The bill, supported by law enforcement and student activist groups, looks at the enforcement of firearms prohibitions for individuals who committed serious or violent offenses as juveniles.

Under current law, juveniles who committed such offenses are prohibited from owning firearms until they are 30 years old. However, under a different law that calls for juvenile records to be sealed and destroyed, prosecutors and law enforcement are unable to access the orders creating the prohibition.

This allows individuals to acquire guns on the legal market and carry them without risk of prosecution, even though they are legally prohibited from owning them because of past violent acts, according to a news release from Stern’s office.

“People with violent criminal records should not be able to own or possess guns,” Stern said. “We need to close the gaps in our background check systems so that, at a bare minimum, minors who commit serious crimes cannot turn around and possess guns once they successfully complete probation.”

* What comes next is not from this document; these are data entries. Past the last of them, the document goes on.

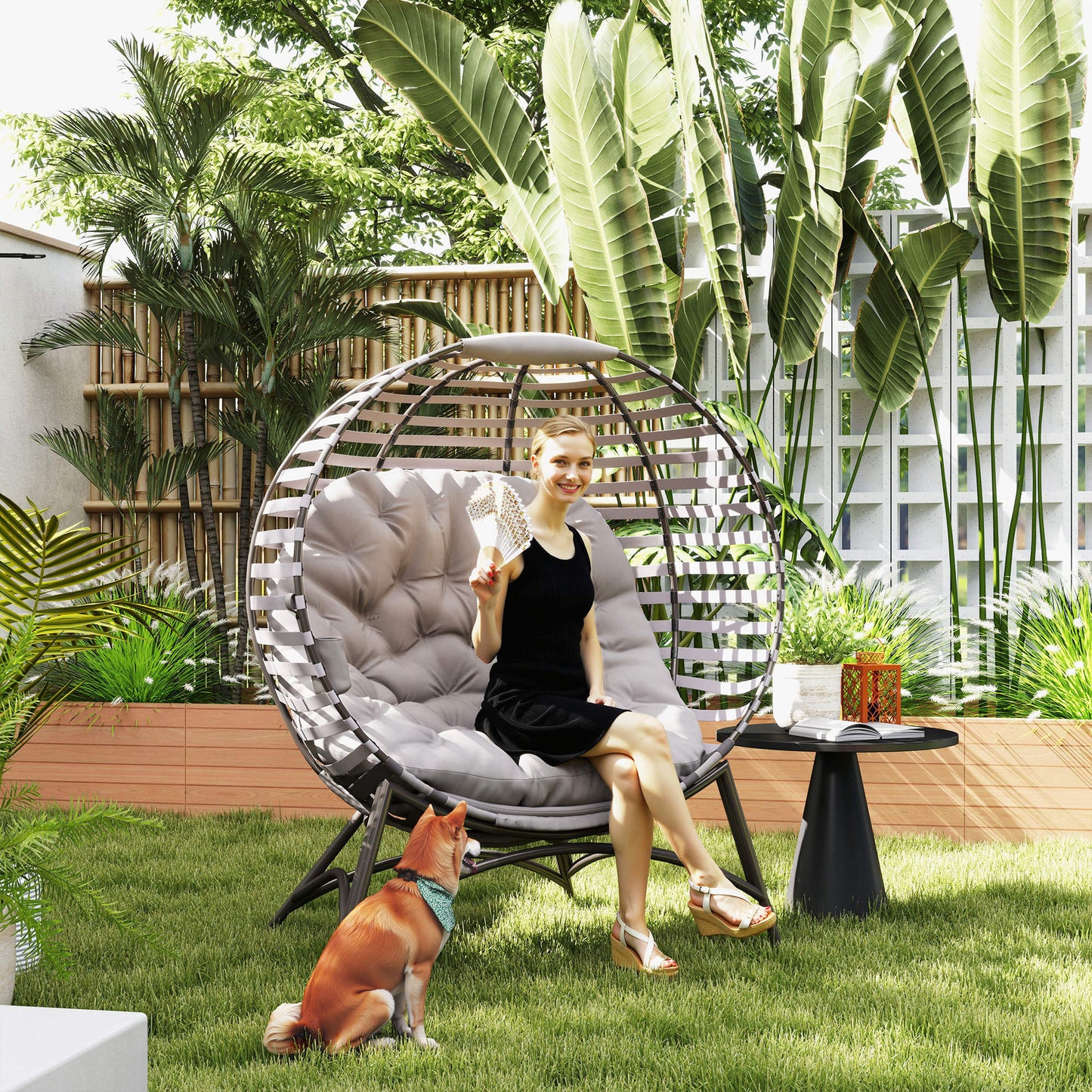 Egg Chair with Cushion & Side Pocket
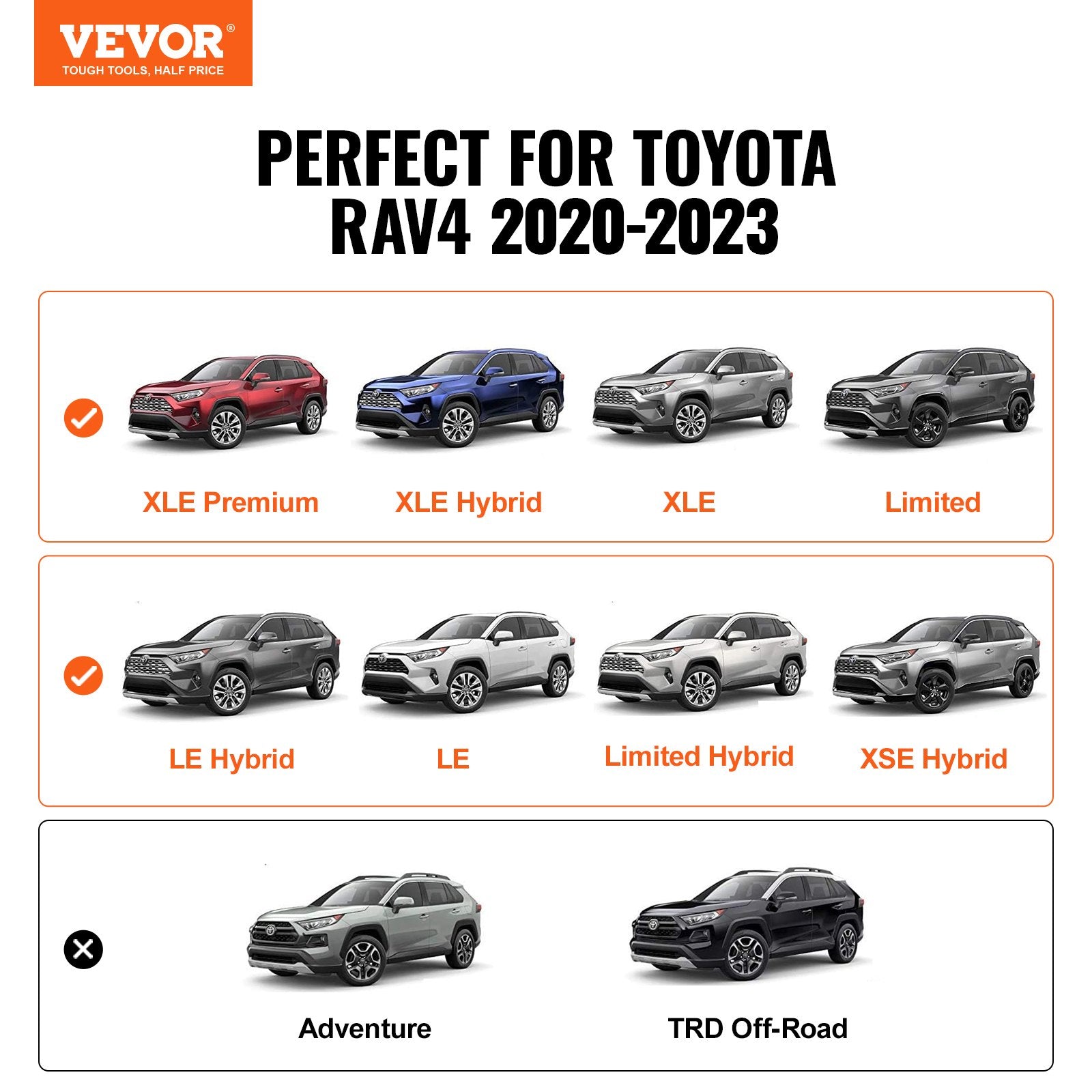 VEVOR Roof Rack Cross Bars, Compatible with Toyota RAV4 2020-2023, 160lbs Load Capacity, Aluminum Anti-Rust Crossbars with Locks, Rooftop Cargo Bag Luggage Carrier (Not Fit for Adventure/TRD Off-Road)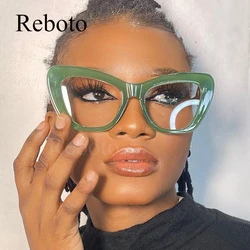 Fashion Sexy Cat Eye Women's Glasses 2024 Trend Anti Blue Light Eyeglasses Frame Retro Green Optical Clear Lens Eyewear Lady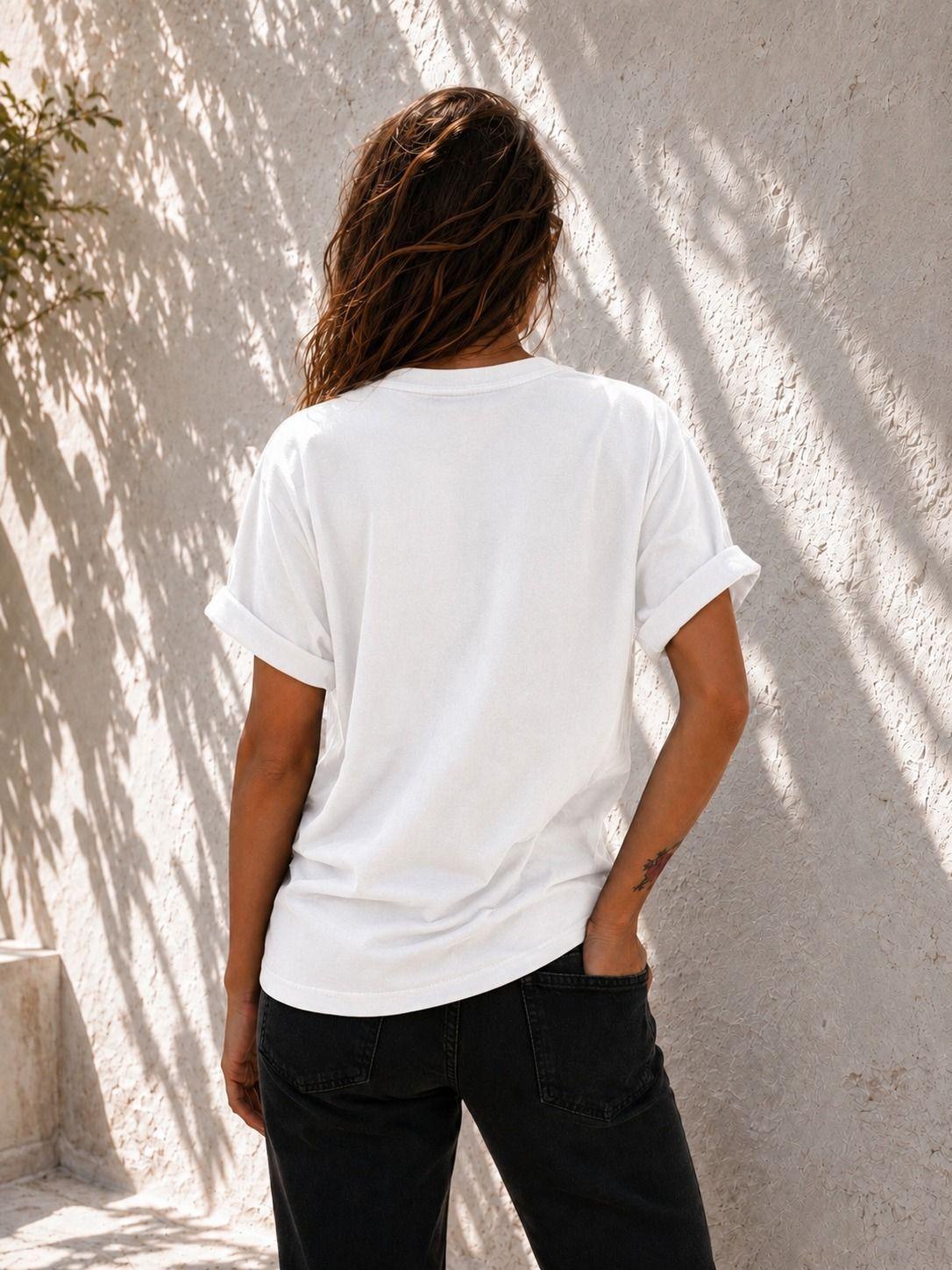 Polera oversize mujer 200gr cuello redondo 100 algodon-1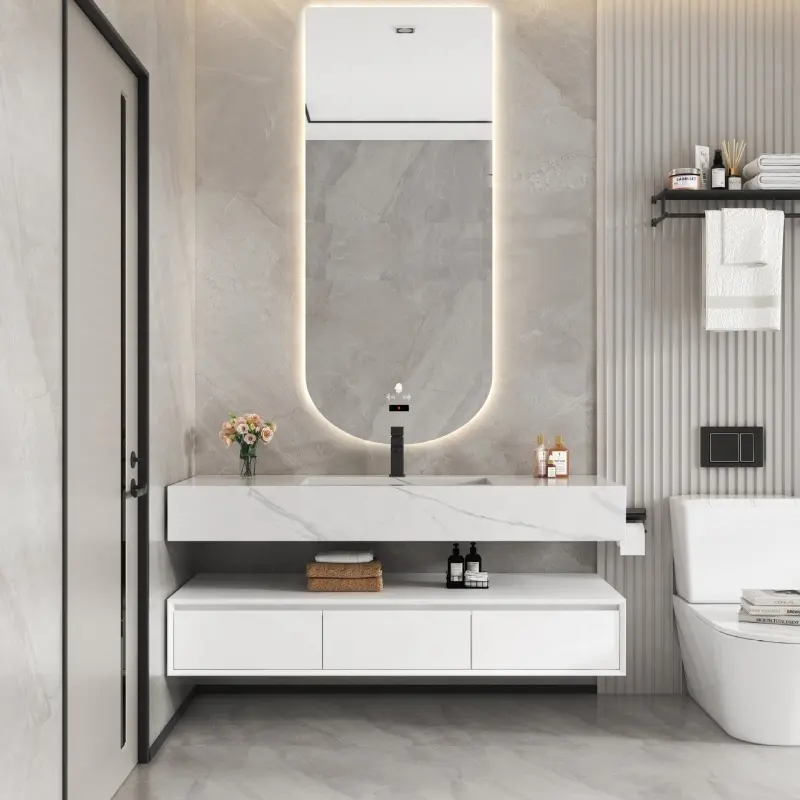 Mobile da bagno in marmo bianco con doppio lavabo di vendita calda mobile da bagno galleggiante moderno in pietra sinterizzata con specchio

The intent of the new law is to preserve the effectiveness of the records-sealing law, which gives juvenile offenders a second chance at a law-abiding and productive life.

SB 1281 also aims to make sure any person who commits a serious crime as a juvenile cannot possess a gun when they successfully complete probation, even if, due to rehabilitation and good behavior, their records have been sealed and cannot be used against them in a court of law, or in applying for college, a job, a credit card or an apartment.

“We, as prosecutors, need access to sealed juvenile records,” Los Angeles County District Attorney Jackie Lacey said, “so we can enforce existing laws aimed at keeping guns out of the hands of individuals found to have committed violent crimes as minors.”

The bill now moves to the state Assembly, where it will be heard in the Committee on Public Safety in June.